Oui, sous conditions : l'autorisation doit être nécessaire et proportionnée, et le matériel ne doit pas porter atteinte de manière grave et manifestement illégale aux libertés fondamentales.
Qu'est-ce que le référé liberté ?
C'est une procédure d'urgence devant le juge administratif permettant de faire cesser rapidement une atteinte grave et manifestement illégale à une liberté fondamentale.
Quels sont les droits des citoyens face à la vidéosurveillance aérienne ?
Les citoyens ont droit au respect de leur vie privée et à la protection de leurs données personnelles. La surveillance doit être encadrée par la loi et respecter les principes de nécessité et de proportionnalité.

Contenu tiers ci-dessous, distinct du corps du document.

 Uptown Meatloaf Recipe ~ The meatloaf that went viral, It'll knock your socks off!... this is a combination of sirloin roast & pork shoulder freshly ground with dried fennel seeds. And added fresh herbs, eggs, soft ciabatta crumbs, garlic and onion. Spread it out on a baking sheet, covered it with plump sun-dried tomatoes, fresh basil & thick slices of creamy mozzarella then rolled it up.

Une autorisation de caméras sur hélicoptères doit-elle être soumise à la CNIL ?
Oui, en principe, les traitements de données personnelles doivent faire l'objet d'une analyse d'impact et d'un engagement de conformité auprès de la CNIL, sauf exceptions prévues par la loi.
Que faire si je suis filmé par un hélicoptère de police ?
Vous pouvez saisir la CNIL pour vérifier la légalité du traitement, ou contester l'arrêté autorisant la surveillance devant le juge administratif.
Quels sont les recours contre un arrêté autorisant des caméras sur hélicoptères ?
Vous pouvez former un recours pour excès de pouvoir devant le tribunal administratif, ou demander une suspension en référé si l'urgence est démontrée.